The drama of Peter Lieberson and his wife Lorraine Hunt Leiberson will some day be made into an opera. Lieberson, a sensitive composer who shuns any ”school”, wrote five love elegies from the great Chilean poet specifically for his wife. ”I had never known a singer so unafraid of her emotions”, he said, so able to access trhose emotions and express them”. The songs, taken from hundreds written by Neruda were about love and loss.......



And scarcely two years after their introduction in Boston, Ms. Lieberson died of cancer. To friends, she had appeared raidant until the very end, and the fact that they had been written to her as a love rather than a ”singer” made them even more powerful.



Until recently, no singer has even tried to essay these songs. But Kelley O’Connor, with the agreement of the composer (who was present last night) sung the works with all the beauty that they were worth. There were only two problems. The Chicago Symphony is pretty loud at the best of times, and the resonance of Carnegie Hall sometimes hid her beautiful Spanish. The othe problemwith this is music is that it so personal, so understated, and written with such delicate orchestration that Ms. O’Connor could sound prosaic. This was not her fault, since the music is usually slow, the lines so very fluid that too much emotion can break the spell.



But spell-binding Mr. Lieberson’s song-cycle was. The words, even in translation, have the beauty of an Auden poem but without the brilliant contrivance of the British poet. The music never seems contrived. At times, they had the poignancy of the Strauss Four Last Songs, at times Mahler made its way into the spare orchestration.



The evening had another curiosity: many in the audience were curious why Riccardo Muti had shunned the New York Philharmnonc to take over the Chicago Symphony Orchestra. One answer is simple: The Chicago Symphony Orchestra , under Bernard Haitink, sounded like a better orcehstra. Yes, the volume could be great, but it never sounded brazen. The strings were actually singing for Mr. Haitink, with perfedt phrasing. In all three works, the brass had pianissimo sounds which sounded like they came from offstage (which, of course they did in the Mahler), and the winds were exceptionally beautiful in all three works.



All were shown to advantage in a very rare piece: Ravel’s orchestration in 1929 to his own very early Menuet Antique. It is a popular piano piece, but here the mature Ravel painted it with truly ”antique” colors in the brass, which sounded like an antiphonal Gabrielli work in Venice. It did sound a bit too volumnious for such an elegant piece, but it did show again how careful an orchestrator the composdr could be.

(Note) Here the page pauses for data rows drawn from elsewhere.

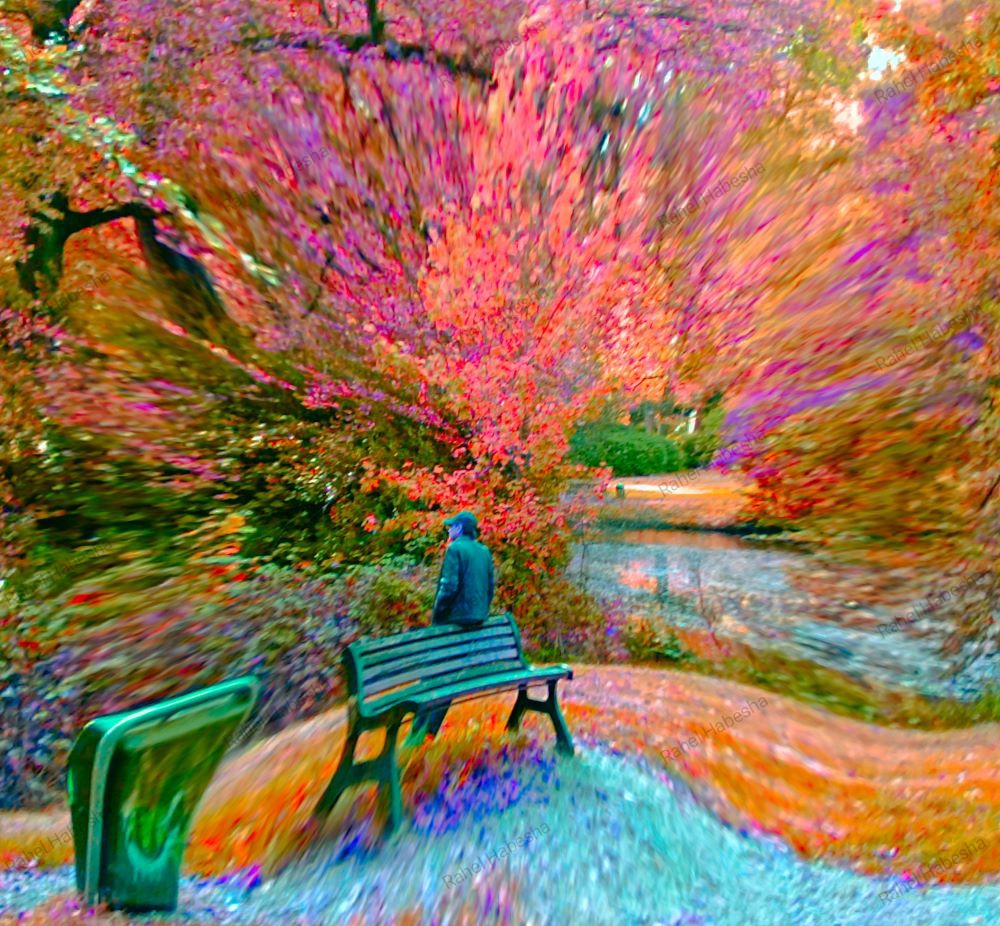 Photo Driebergen-00022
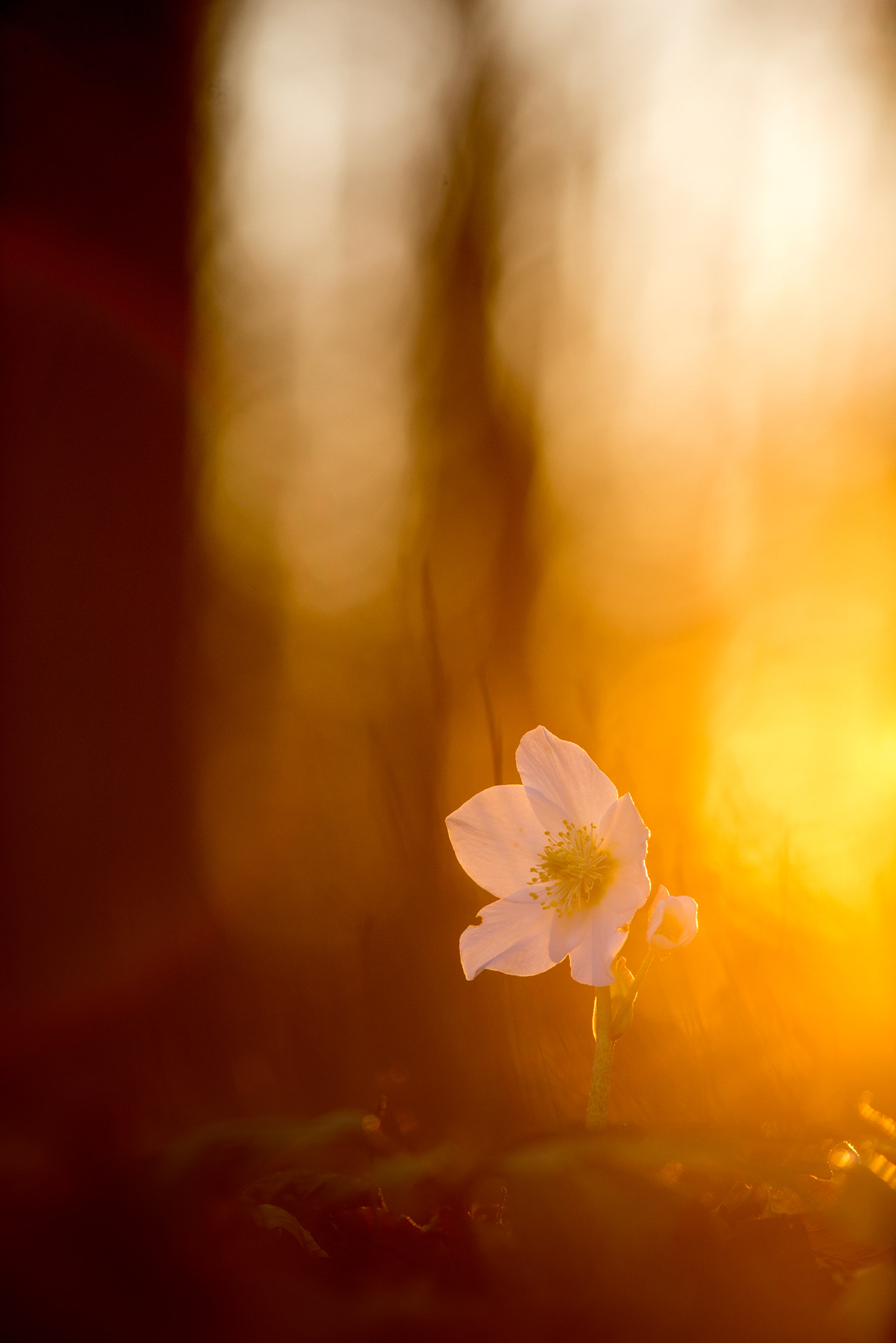 Minolta AF 28-85mm F3.5-4.5 New sample photo. Helleborus niger photography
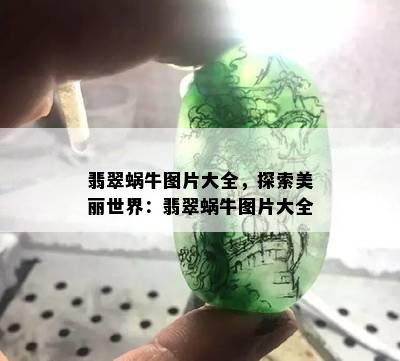 翡翠蜗牛图片大全，探索美丽世界：翡翠蜗牛图片大全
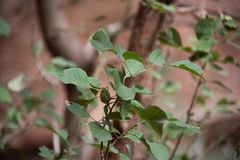 Fraxinus anomala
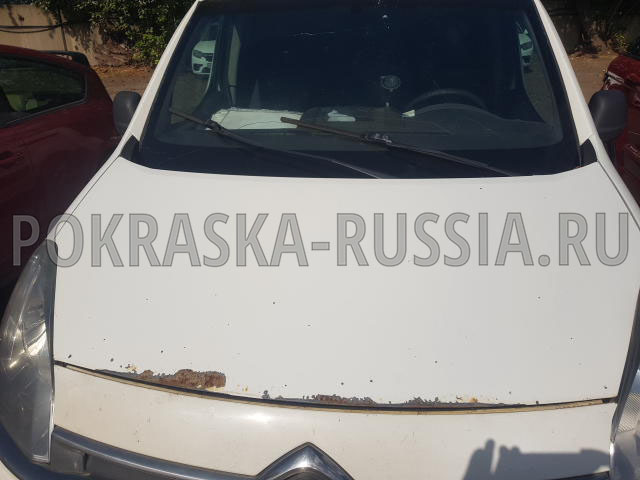 Покраска автомобиля Citroen Berlingo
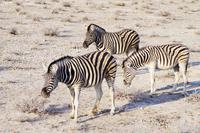 Etosha-Nationalpark - Steppenzebra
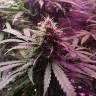 Семена марихуаны в России Auto Kush feminised GanjaLiveSeeds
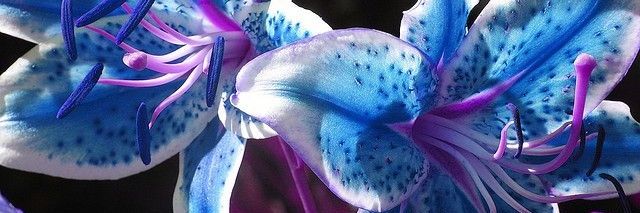 MGG Leo …ᘛ⁐̤ᕐᐷ banner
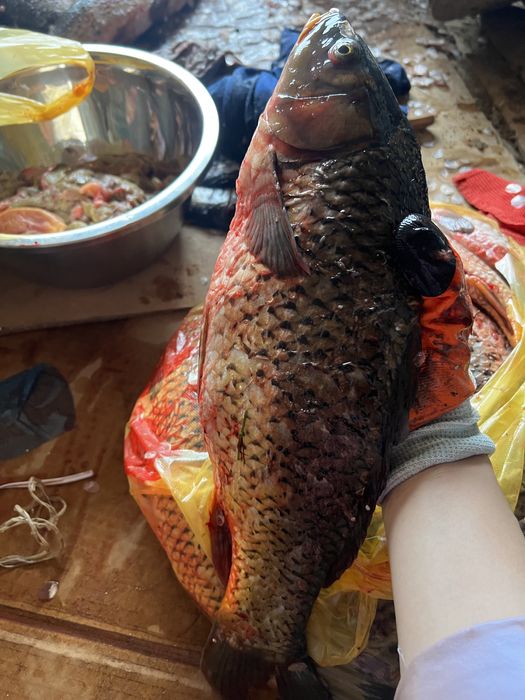 Рыба Сазан свежая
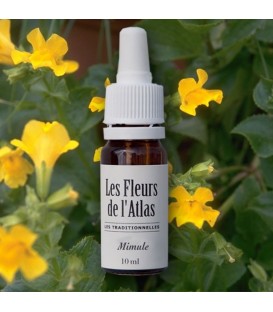 Élixir floral Mimule - fleur de Bach "Mimulus" sans alcool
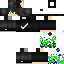 Texture for leo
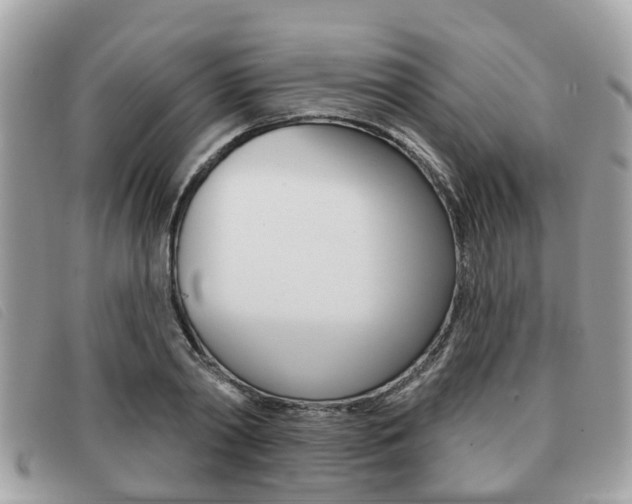 X0000091530790200708170949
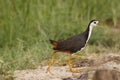 White brested waterhen taking a stroll Royalty Free Stock Photo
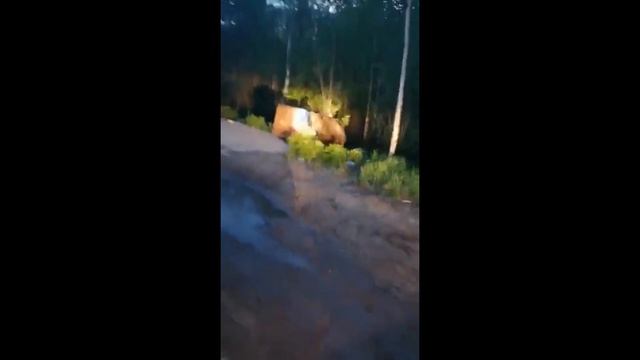 В Ноябрьске медведь чуть не напал на людей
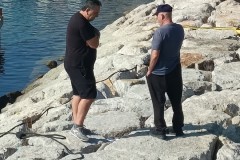 20261012-Foto11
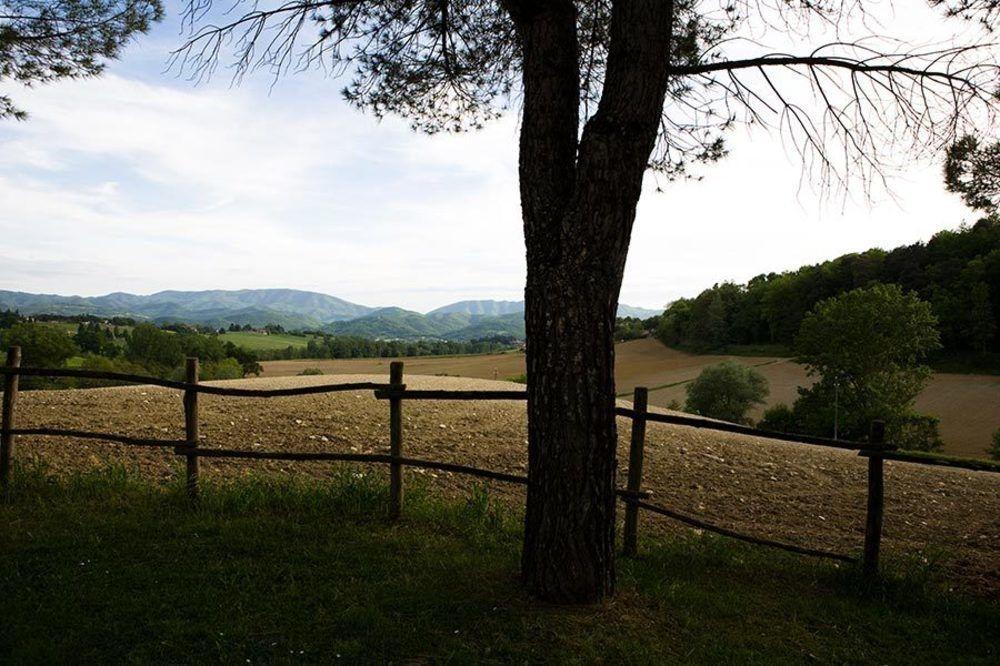 Agriturismo La Topaia Borgo San Lorenzo Buitenkant foto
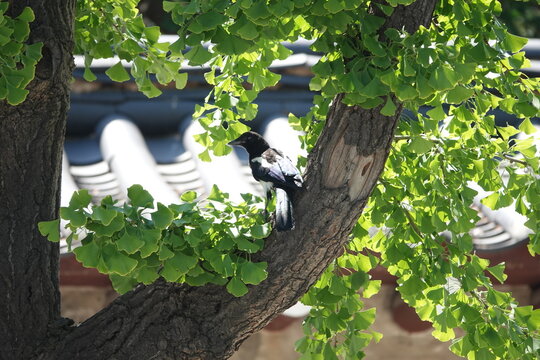 magpie on the tree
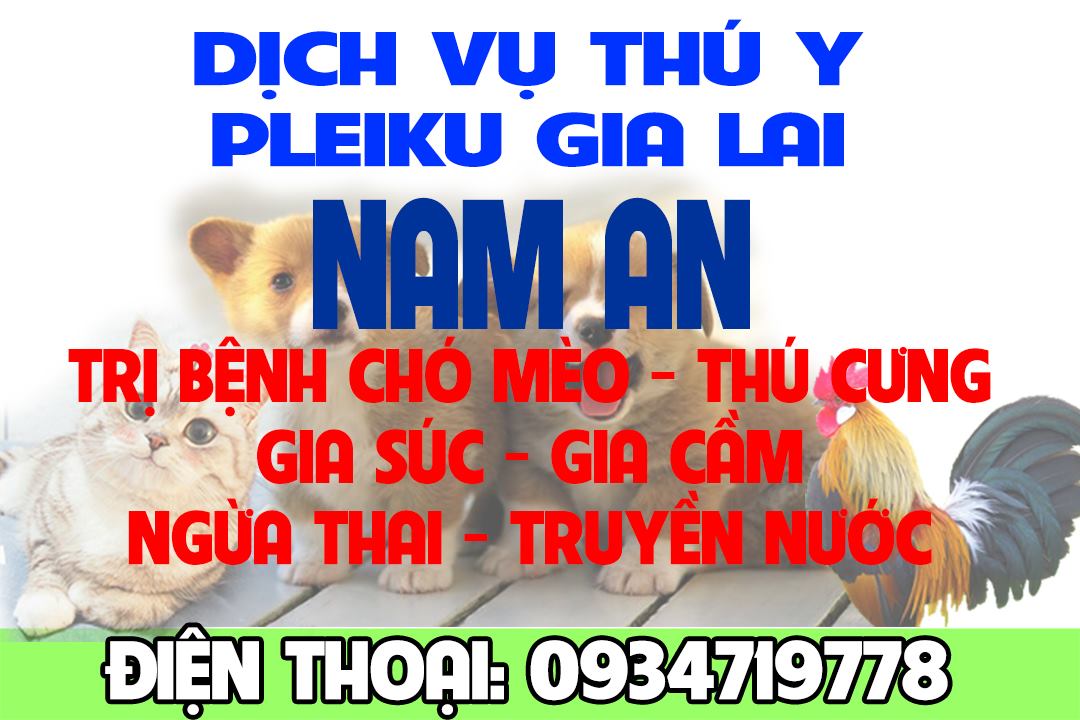 Dịch vụ thú y Nam An Pleiku ảnh 1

The second half was devoted entirely to Mahler’s First Symphony, where Haitink’s amazing sense of timbre and color were present from the opening bars. Mahler marked them ”like a sound in nature”. But pantheist was he was, Mahler never specified which sound. But the trimbres, the entrances, the fanfares which never shouted but were always full, gave that rarest insight into Mahler’s intimacy.



Haitink has always been scrupulous in following original directions, and that may have been a bit disappointing to those of us who wanted more kitschy strings in the scherzo or more klezmer outlandishness in the famous funeral march. (My favorite peerforamcne was in Asia by the Taipei City Symphony, which turned that funeral parody into a parody of music itself.)



Such a scrupulous reading was all to the good in the last movement, where the orchestra inexorably marched to the last great brass finale. The result was that rarity in Mahler: a work where the warmth and joy of the music transcended those stylistic riddles which Mahler planted, and which it took his meeting with Sigmund Freud to uncover.



CODA: I once asked Edo de Waart about the Dutch penchant for Mahler. Why, even during the composer’s lifetime they had Mahler Festivals. Why Mengelberg, van Beinum, Haitink and de Waart himself were such brilliant Mahler conductors. He didn’t lose a beat in answering,

”Well, we Dutch are not a very neurotic people. Perhaps we want to be a little bit more neurotic.Which is why we like Mahler.”